The Duke Funding Alert newsletter, published every Monday, provides information on all new and updated grants and fellowships added to the database during the prior week. This listserv is restricted to members of the Duke community.
Disrupting Operations of Illicit Supply Networks (D-ISN)
Criminal networks that illegally traffic in everything from people and drugs to human organs, natural resources and nuclear material pose grave threats to the health, prosperity and security of our Nation. As an important example, the opioid epidemic in the United States has largely been fueled by new synthetic opioids that are primarily produced in overseas facilities and distributed to the US through intermediate countries. These illicit supply chains flourish across national boundaries, both taking advantage of and contributing to regional instability. The profits generated through these activities finance ongoing conflicts across the globe. Making use of the same communications, logistics, transportation, and financial infrastructure that enable globally integrated commercial supply chains, illicit flows are now estimated to account for 4-6% of global GDP, or roughly $2 trillion annually. Moreover, these networks use exploitative labor, such as child labor, forced labor and human trafficking, to source and produce goods and services that contribute to both illicit and legal commercial supply chains. The Disrupting Operations of Illicit Supply Networks (D-ISN) Solicitation supports research projects that take a systems approach to advance fundamental understanding of how networks that traffic in illicit or illicitly-produced goods and services operate, leading to technological breakthroughs that bolster our ability to disable these networks.

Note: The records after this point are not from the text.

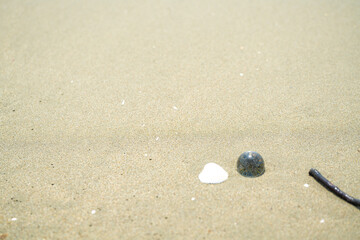 Fototapeta na wymiar 砂浜と貝殻とガラス玉
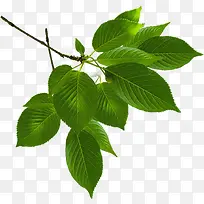 ��Ӱ������ҶЧ�����-������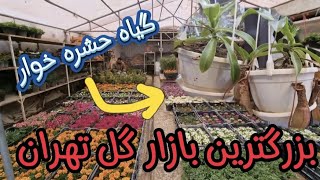 بازار گل محلاتی...!😍 بهترین جا برای خرید شب عید🌷⚘️ انواع اقسام گل و گیاه هرچی فکرشو بکنی پیدا کردیم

Major goals of NSF’s D-ISN Solicitation include:
- Improve understanding of the operations of illicit supply networks and strengthen the ability to detect, disrupt, and dismantle them.
- Support research on the illicit supply networks that fuel the national opioid epidemic
- Enhance research communities that effectively integrate operational, computational, social, cultural and economic expertise to provide methods and strategies to combat this complex and elusive global security challenge.
- Catalyze game-changing technological innovations that can improve discovery and traceability of illicitly sourced product inputs.
- Provide research outcomes that inform U.S. national security, law enforcement and economic development needs and policies.
Proposals responding to this solicitation must be submitted to the Directorate for Engineering. Once received, however, the proposals will be managed by a cross-disciplinary team of NSF Program Directors.
Full Proposal Deadline Date: July 28, 2021; April 22, 2022
Principal Investigators (PI) from academic organizations must be at the faculty level, tenured or tenure-track, as determined by the submitting organization. If the proposal is submitted by a non-profit, non-academic organization, the lead PI must meet all of the following requirements: (1) the PI has a continuing appointment that is expected to last for the duration of a D-ISN grant; (2) the appointment has substantial research responsibilities; and (3) the proposed project is related to the PI’s job responsibilities as well as to the mission of the department or organization. In addition, a minimum of two collaborating Senior Personnel (e.g. co-PIs, Collaborating PIs) must participate. At least one member of the project team (PI or co-PI) must have a full-time, tenured or tenure-track faculty appointment within a College/Department of Engineering.
An investigator may participate as Principal Investigator (PI), co-Principal Investigator (co-PI), Project Director (PD), Senior Personnel or Consultant in no more than two proposals submitted in response to this solicitation. These eligibility constraints will be strictly enforced in order to treat everyone fairly and consistently. In the event that an individual exceeds this limit, proposals received within the limit will be accepted based on earliest date and time of proposal submission (i.e., the first two proposals received will be accepted, and the remainder will be returned without review). No exceptions will be made.
Limit on Number of PIs, co-PIs, Senior Personnel per Collaborative Project:
Projects from teams of three or more PI and co-PIs or a PI, co-PI and Senior Personnel will be considered. Collaborative Proposals with fewer PI/co-PIs/Senior Personnel are not permitted and will be returned without review.
Estimated Number of Awards: 10 to 15 - per year, subject to availability of funds.
Projects will be funded for up to four years for a total of $1,000,000 ($250,000 per year).
Anticipated Funding Amount: $10,000,000 to $15,000,000
-in FY 2021, subject to the availability of funds and the quality of the proposals received.